Over 40 delegates from across Europe took part in this year’s conference themed the Impact of the new active labour market policy in Europe. The event held at the Cavalieri Art Hotel in Spinola, St Julian’s between 1st and 2nd December, was organised by UHM Voice of the Workers, with the support of EZA (European Centre for Workers’ Questions).

Finance and Employment Minister Clyde Caruana who delivered the opening address event spoke on the importance of investment in human capital. Asked on government’s plans to improve the work-life balance, he insisted that the ‘2nd leap’ (with reference to the second labour market policy launched last year until 2031) would have to be based on better productivity.

“We can only aspire to ideas such as reducing the 40-hour week as was done in the Netherlands if we raise productivity as otherwise this would not be sustainable,” he said.

In his address he said the ‘first leap’ was done a decade ago, when the UHM had presented the first active labour market policy, which was subsequently taken onboard by the two main political parties. The finance minister pointed out that thanks to this policy, the Maltese labour market underwent a transformation with a dramatic rise in employment especially females and those who had been inactive for a long time. Measures like free childcare, tapering of benefits and in-work benefits were crucial.  The seminar also focused on the proposal of mandatory trade union membership with UHM CEO Josef Vella calling for the introduction of such measure for low-income workers.

“Employees will still be free to enrol in the union of their choice or else pay the equivalent for the membership fee in a special training fund, given they would benefit from better conditions as a result of a collective agreement negotiated by the union,” Vella said.

“Such measure aims to serve as an insurance policy for workers who are vulnerable to exploitation, who would otherwise face a backlash should they come forward to flag the abuse.”

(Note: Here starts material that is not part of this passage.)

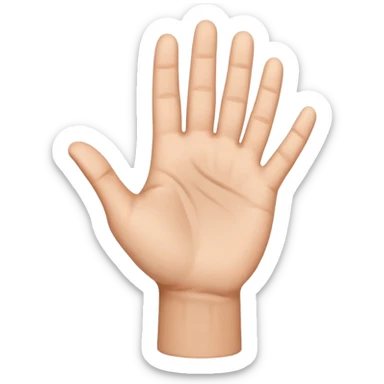 mano plana vista de lado apintando 45 grados hacia arriba sticker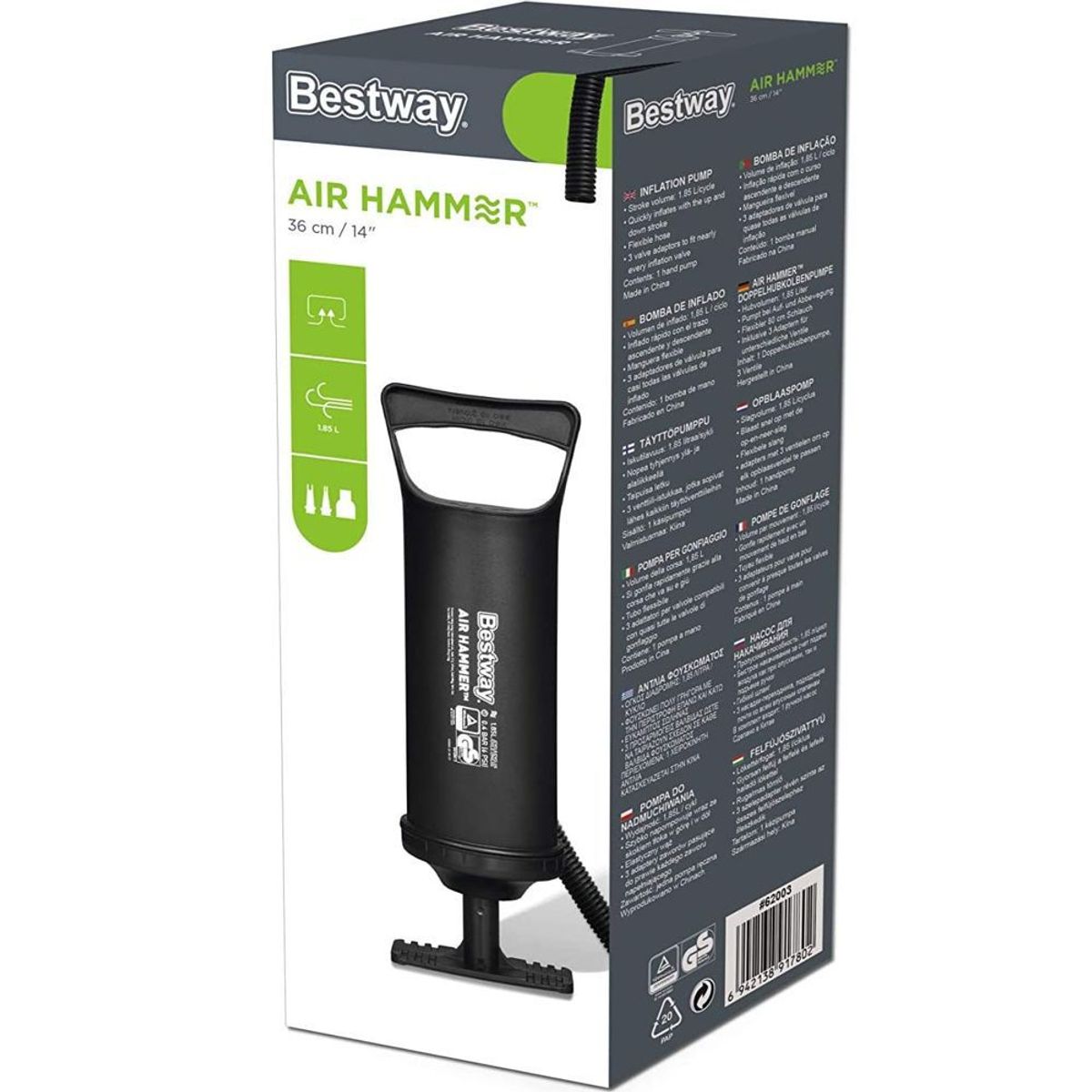 BESTWAY - Inflador manual Negro con entradas intercámbiales - Bestway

The two-day event also tackled issues related to foreign workers and third-country nationals especially exploitation and abuses, which in certain cases point towards human trafficking. Josef Vella remarked that as long as the Maltese economy will keep encouraging the existing economic model based on cheap labour through the recruitment of third-country nationals, we can never aspire to improve productivity and hence, better our work-life balance

Other issues on the agenda of the conference were vocational training, the upskilling of the workforce and initiatives on how to boost inclusion of disabled persons in the labour market.

Meanwhile, UHM is already planning for the 2023 conference which will be themed on adequate minimum wages.